The city will begin work on the hotly anticipated Brooklyn Bridge bike lane next week, with construction closing the left lane of the Manhattan-bound roadway — and the cycling path is slated for completion next fall.
“When that lane opens up it will be brand new, it will be for bikes only,” de Blasio said. “It will be a beautiful and radical reimagining of a New York City icon.”
The existing cycling path on the Brooklyn Bridge has long been a mess, with bikers and pedestrians jammed onto the same narrow wooden walkway where tourists often pose for photos, creating endless conflict between commuting cyclists.
City Hall intends to ease that conflict with the introduction of the roadbed-level bike lane, but some cyclists worry the lane is too narrow and will only create further conflicts between cyclists when they are jammed into the 8 foot wide two-way lane.
The Department of Transportation has maintained that an 8-foot-wide path is the only possibility, and has rejected the premise of closing down another lane on the Brooklyn-bound side of the bridge within the current timeline because of their need for at least one inner lane for bridge maintenance and the need for further traffic studies.
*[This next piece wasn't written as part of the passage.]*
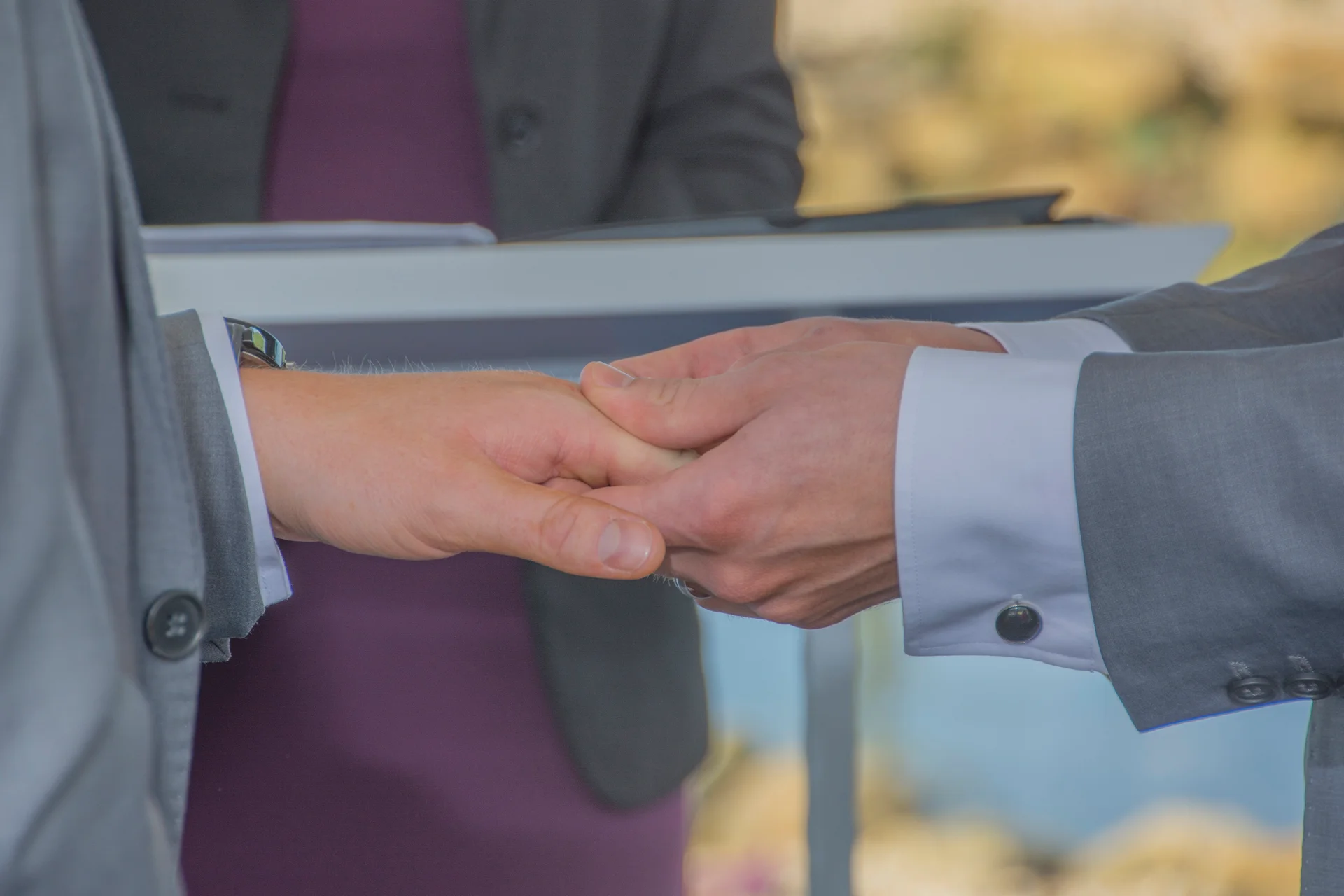 Two grooms in grey suits gently hold hands and exchange vows during a heartfelt wedding ceremony.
The de Blasio administration has pushed the lane as one of the mayor’s signature safe-streets achievements as he prepares to leave office and as his signature Vision Zero program falters, with 2021 on track to be the deadliest year for road fatalities since the program was launched.
News of the bike lane was first broken by Brooklyn Paper when a Department of Transportation staffer let the plan slip during a Brooklyn Community Board 2 meeting in June of 2020. Mayor de Blasio and former Department of Transportation Commissioner Polly Trottenberg denied Brooklyn Paper’s reporting at the time — before making the announcement ahead of de Blasio’s final state of the city address in January.
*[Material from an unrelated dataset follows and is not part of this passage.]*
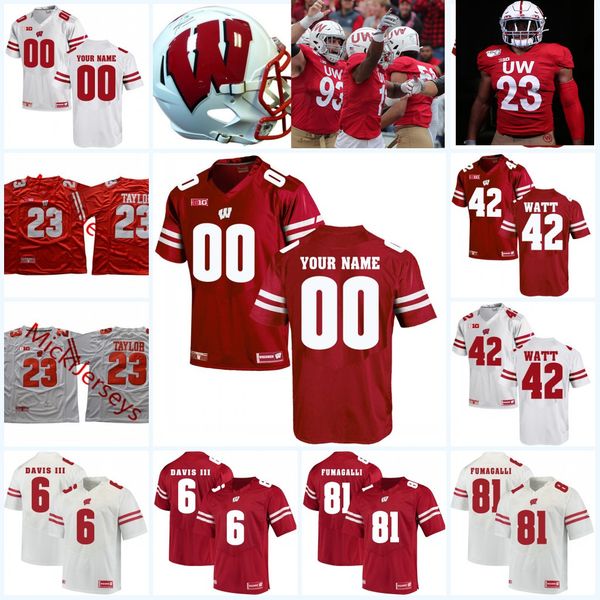 

custom wisconsin badgers football joe thomas tim krumrie ron dayne pat richter pat harder elroy hirsch melvin gordon michael deiter jersey, Black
The installation of the lane coincides with an ongoing boom in bike commuting in New York spurred by the pandemic, which inspired some New Yorkers to ditch the subway in favor of more open-air methods of transport. Recent Department of Transportation data shows that an average of 21,872 cyclists pedaled over one of the city’s four East River bridges on weekdays this past May — 4,715 more than in May 2019 when thousands more people were commuting into Manhattan for work. 4
“As we recover from the pandemic we look forward to more New Yorkers getting back to work and commuting,” said state Sen. Brian Kavanagh who represents Lower Manhattan and Brooklyn Heights. “We also get back a longer-term trend which is more and more New Yorkers taking bicycles as an important and healthy and environmentally friendly way of getting around.”